Among 57 registered patients, twenty-nine patients were exon 19 deletion. Tissue DNA and cfDNA were available in 26 patients. Among the detected seven molecular variants, the most frequent was p.E746_A750delELREA (65.4%). According to the various classifications of molecular variants, twenty one (80.8%) were classified into 15-nucleotide deletion, one (3.8%) into 18-nucleotide deletion, and four patients (15.4%) into other insertion/substitution variant subgroups. The patient subgroup with 15-nucleotide deletion showed significantly longer progression-free survival than patients in other mixed insertion/substitution variant subgroup (p = 0.0244).
The clinical significance of molecular variants of exon 19 deletion on the first line afatinib monotherapy is reported here for the first time. Further investigation is needed for development of better therapeutic strategies.
This trial was registered at UMIN Clinical Trials Registry at 2014/12/4 (UMIN000015847).
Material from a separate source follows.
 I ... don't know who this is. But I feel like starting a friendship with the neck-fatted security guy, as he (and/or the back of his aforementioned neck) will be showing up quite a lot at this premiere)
Epidermal growth factor receptor (EGFR) tyrosine kinase inhibitors (TKIs) have been standard provision for advanced non-small cell lung cancer (NSCLC). Afatinib, a second generation EGFR-TKI, is an irreversible inhibitor that targets the EGFR and other members of the ERBB tyrosine kinase receptor family. It allows longer progression-free survival (PFS) in patients with NSCLC harboring EGFR-sensitizing mutations compared with platinum based chemotherapy [1, 2]. It has been widely approved in many countries as the first line treatment for NSCLC tumors with EGFR-sensitizing mutations. Deletion mutations of exon 19 and the single point mutation exon 21 Leu858Arg (L858R) are the most common mutations of EGFR, their incidences in Japanese population are 48.2 and 42.7%, respectively . While EGFR-TKIs have high binding affinity for these common mutations, they showed different sensitivity to EGFR-TKIs. Although first and second generation EGFR-TKIs have shown better survival outcomes in patients with exon 19 deletion than in patients with L858R in some studies, it remains inconclusive [1, 3,4,5,6,7,8]. Furthermore, exon 19 deletion mutation has several molecular variants including in-frame deletions, substitutions, and insertions [9, 10]. These variants are heterogeneous, and many deletions almost bind the amino acid residues leucine-747 (L747) to glutamic acid-749 (E749) (LRE) which is located at the N-terminus of the EGFR kinase domain C-helix. This is a key structure for function and activation of EGFR [11,12,13]. Minor variants that do not include these codons are also reported . These molecular mutational variants of exon 19 deletion are associated with different clinical outcomes and might have predictive roles for TKIs [10, 13,14,15,16,17].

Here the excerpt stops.